A mio avviso però le proposte appena citate sono limitate nella potenza espressiva e nelle capacità di integrarsi con altri software o moduli esterni. Queste limitazioni sono egregiamente risolte da PuLP: un modellatore di problemi di programmazione lineare intera basato sul linguaggio di programmazione Python e la sua potenza espressiva e capacità di estendersi.
L'autore di PuLP è Jean-Sebastien Roy, raggiungibile all'indirizzo di posta elettronica js at jeannot.org. Non lo conosco personalmente, quindi le uniche cose che posso dire sono quelle che si evincono dal suo sito web.
Iniziamo ad analizzare un primo esempio di modello in PuLP che per quanto banale ne mostra tutte le potenzialità. Cominciamo con il primo concetto: le variabili.
La riga:
x = LpVariable(“x”, 0, 3)
crea una variabile di nome x, continua e che varia tra 0 e 3. Notiamo subito che la variabile x a sinistra dell'uguale è un oggetto python, cioè una variabile nel nostro linguaggio ospite.
Il secondo concetto di PuLP è il problema. Per creare un problema di minimizzazione si può scrivere una cosa tipo:
problema = LpProblem(“problema”, LpMinimize)
Come prima notiamo che problema è un oggetto Python.

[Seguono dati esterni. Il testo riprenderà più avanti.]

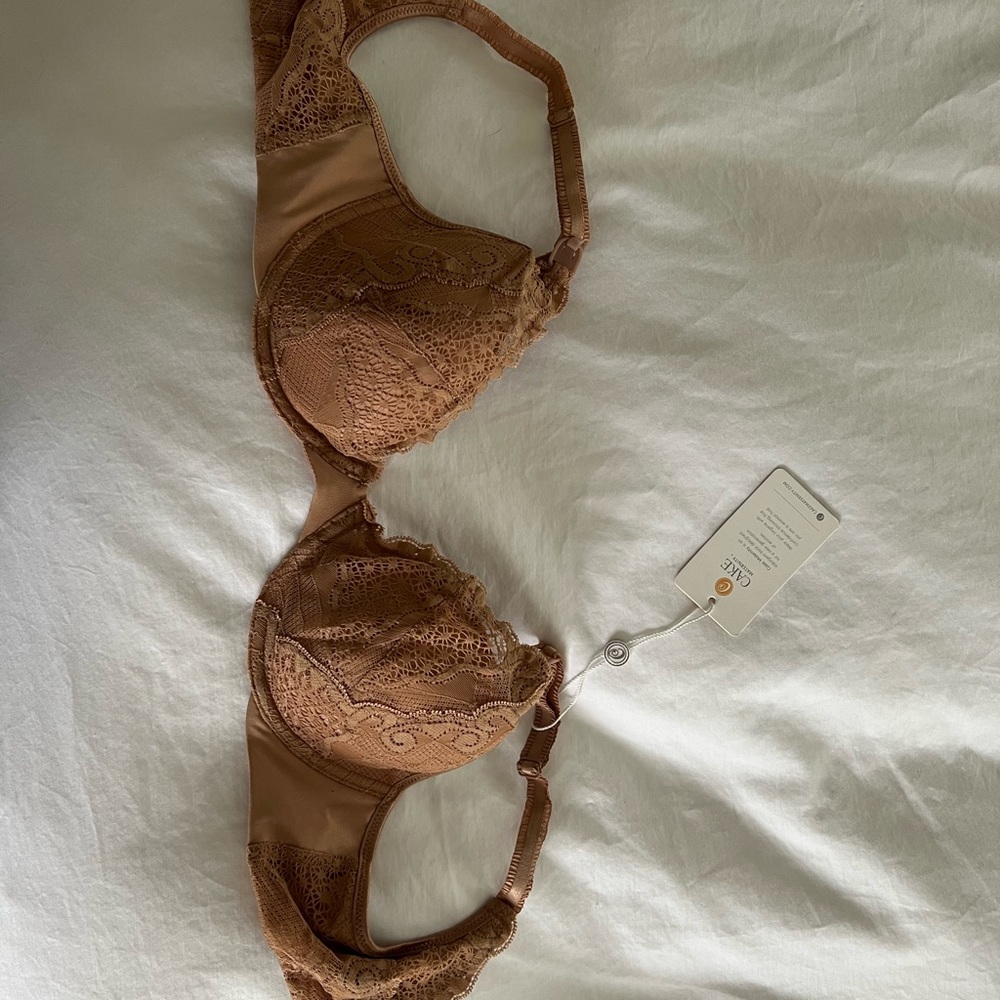 NWT Cake Maternity Truffle Nursing Bra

Per aggiungere un vincolo al problema scriviamo:
problema += x+y <= 2
mentre per aggiungere la funzione obiettivo scriviamo:
problema += 3*x + z
A questo punto il nostro problema è pronto per essere risolto. PuLP permettete di usare diversi ottimizzatori, tra i quali GLPK, COIN CLP/CBC, CPLEX e XPRESS. Ad esempio possiamo scrivere:
problema.solve(GLPK())
per risolvere il nostro problema usando GLPK e:
value(x)
per saperne il valore.
L'esempio riportato è puramente esemplificativo e non completo, perché mancano le definizioni delle variabili y e z. In un prossimo post riporterò un esempio completo e più esteso per esemplificare altre caratteristiche di PuLP.

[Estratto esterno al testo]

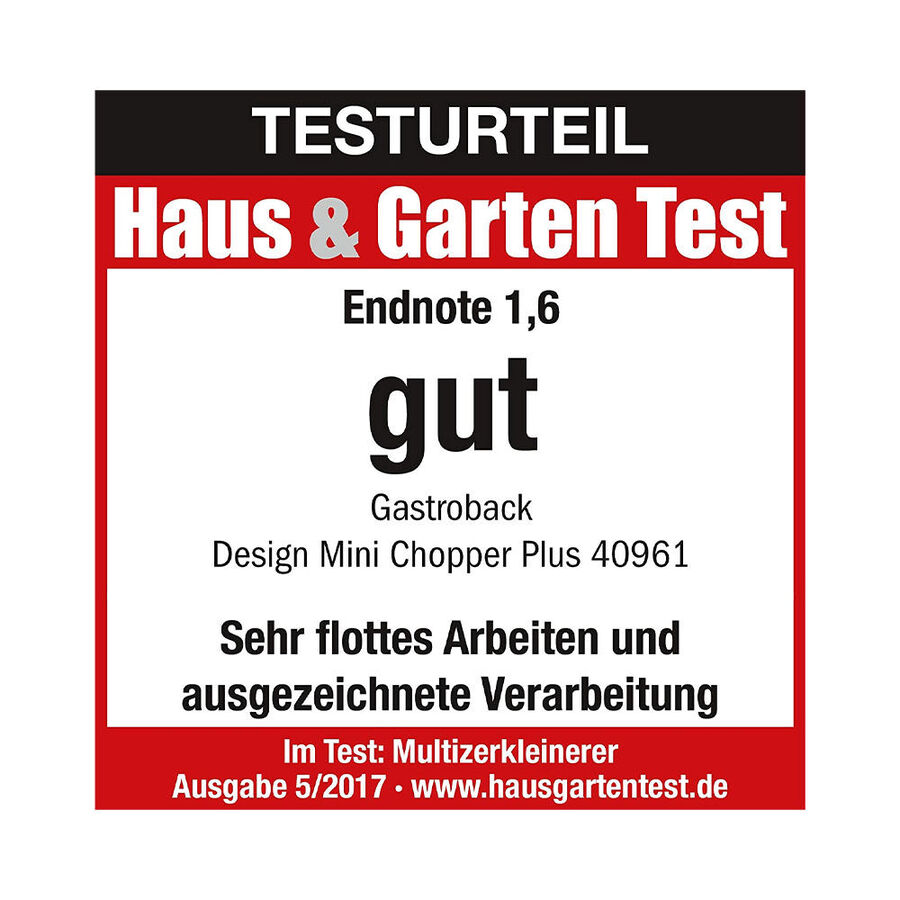 Mini Food Prozessor hackt, priert sekundenschnell Hartes bis Flssiges Bild 5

PuLP è distribuito con la completa disponibilità del file sorgente. Questo da la possibilità di modificare ed estendere a piacimento la libreria. Ad esempio è possibile aggiungere altri risolutori tra quelli disponibili essendo l'interfacciamento con questi realizzato tramite scambio di flussi di testo. Il flusso PuLP -> risolutore è supportato dal formato MPS; il flusso opposto è obbligatoriamente legato all'output del risolutore.